Kevin Kelly, President of international professional engineering association the Chartered Institution of Building Services Engineers (CIBSE), described the legislation as “the most fundamental reform of building-related legislation in decades”.
CIBSE, he added, is committed to working “with government, with the national standards body BSI, and with all interested parties to deliver a system of building legislation that delivers safe and sustainable buildings”.
Part of the legislation aimed at raising standards – defining responsibilities for building safety and maintenance, and ensuring a joined-up approach to this across all involved – is to make the collection of ‘golden thread’ building performance information mandatory. Legislation for this could come into effect by spring 2023.
The bill’s supporting material includes an outline of the requirement for duty holders to create, hold and maintain the golden thread as part of the secondary legislation that will accompany the bill. In July, the Building Regulations Advisory Committee (BRAC) golden thread working group explained how digital tools would be used to enable building safety information to be stored throughout the life of a building. It offered a detailed definition of the golden thread, which it summarised as the “information that allows you to understand a building and the steps needed to keep both the building and people safe, now and in the future”.
The full definition outlines a seven-point plan to improve standards:
1. The golden thread will hold the information that those responsible for the building require to:
- show that the building was compliant with applicable building regulations during its construction, and provide evidence of meeting the requirements of the new building control route throughout the design and construction and refurbishment of a building.
- identify, understand, manage and mitigate building safety risks in order to prevent or reduce the severity of the consequences of fire spread or structural collapse throughout the life-cycle of a building.
2. The information stored in the golden thread will be reviewed and managed so that the information retained, at all times, achieves these purposes.
3. The golden thread covers both the information and documents and the information management processes (or steps) used to support building safety.

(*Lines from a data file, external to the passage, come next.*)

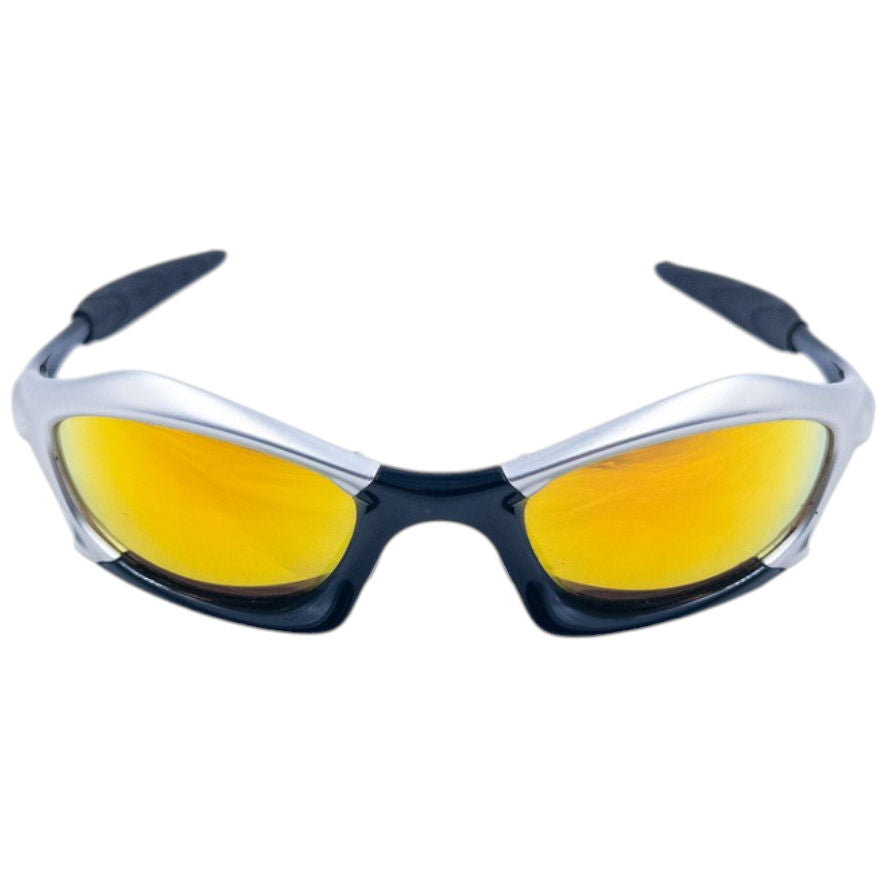 Vintage 2003 Oakley Splice Polished Black Fire Iridium Sunglasses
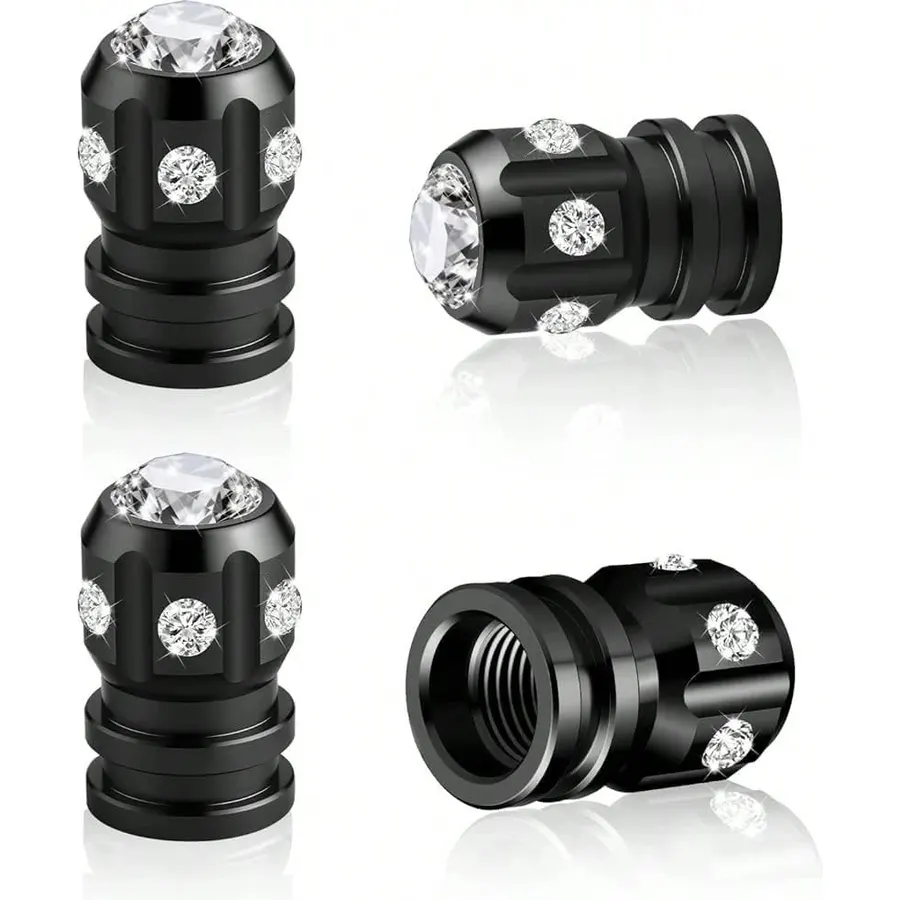 4 Pcs Valve Stem Caps for Audi Q3 Sportback (FJ) 2025 2026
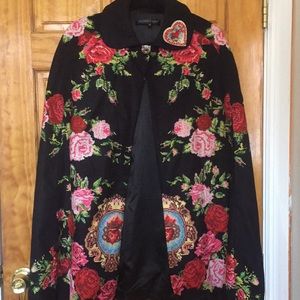 Cross stitch floral cape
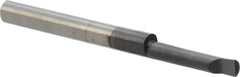 Scientific Cutting Tools - 0.1" Min Bore Diam, 1/2" Max Bore Depth, 1/8 Shank Diam, Boring Bar - Right Hand Cut, Solid Carbide, AlTiN+ Finish - Exact Tooling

4. The golden thread information should be stored as structured digital information. It will be stored, managed, maintained and retained in line with the golden thread principles (see below). The government will specify digital standards, which will provide guidance on how the principles can be met.

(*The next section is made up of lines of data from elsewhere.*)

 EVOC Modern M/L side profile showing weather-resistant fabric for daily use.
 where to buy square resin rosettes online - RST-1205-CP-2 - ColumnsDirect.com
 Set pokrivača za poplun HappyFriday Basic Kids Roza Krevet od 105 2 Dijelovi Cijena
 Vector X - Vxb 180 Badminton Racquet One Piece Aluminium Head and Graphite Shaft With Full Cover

5. The golden thread information-management approach will apply through design, construction, occupation, refurbishment and ongoing management of buildings. It supports the wider changes in the regime to promote a culture of building safety.
6. Building safety should be taken to include the fire and structural safety of a building and the safety of all the people in, or in the vicinity of, a building (including emergency responders).

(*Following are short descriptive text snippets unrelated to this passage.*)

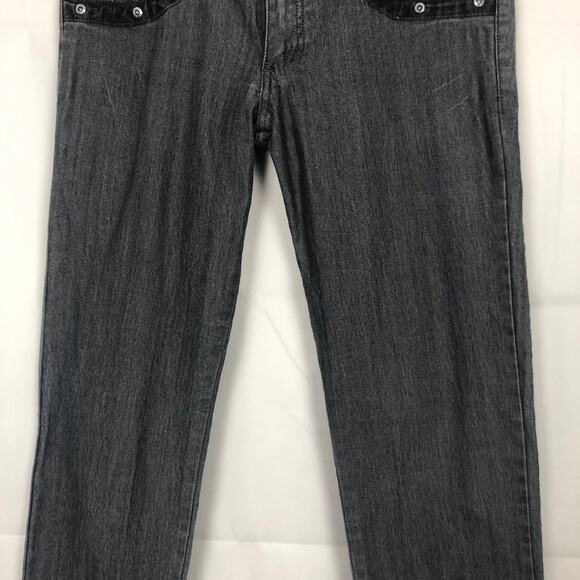 Maripily Mid-Rise Charcoal Jeans Size 5 - Picture 4 of 12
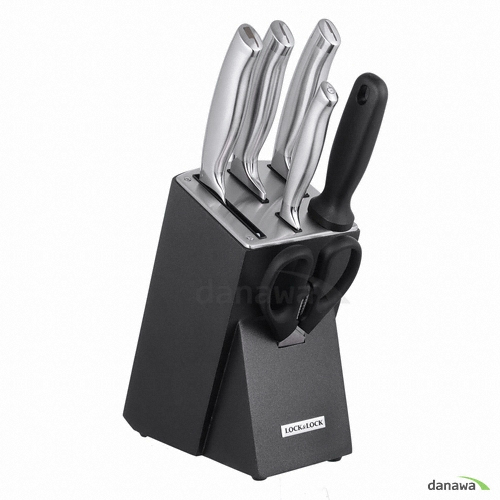 락앤락 블랙우드 칼블럭세트 7종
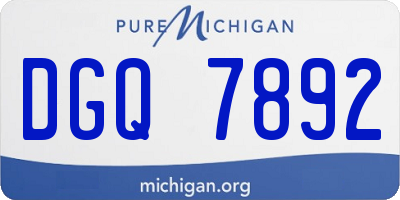 MI license plate DGQ7892
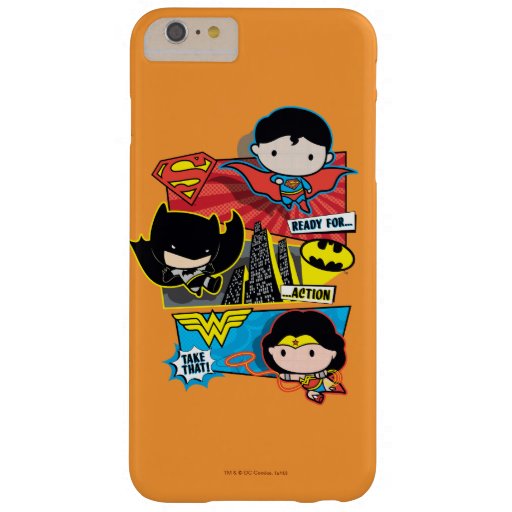 Chibi Heroes Ready For Action! Barely There iPhone 6 Plus Case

7. Many people will need to access the golden thread to update and share golden thread information throughout a building’s life-cycle, including, but not limited to, building managers, architects, contractors and many others. Information from the golden thread will also need to be shared by the Accountable Person with other relevant people, including residents and emergency responders.
BRAC also outlines the principles underpinning the golden thread, which include being accurate and trusted, accountable, understandable/consistent, proportionate, durable and accessible.
The aim is to set out clear duties and maintain accountability at every level – from the client to those designing, building or maintaining a building.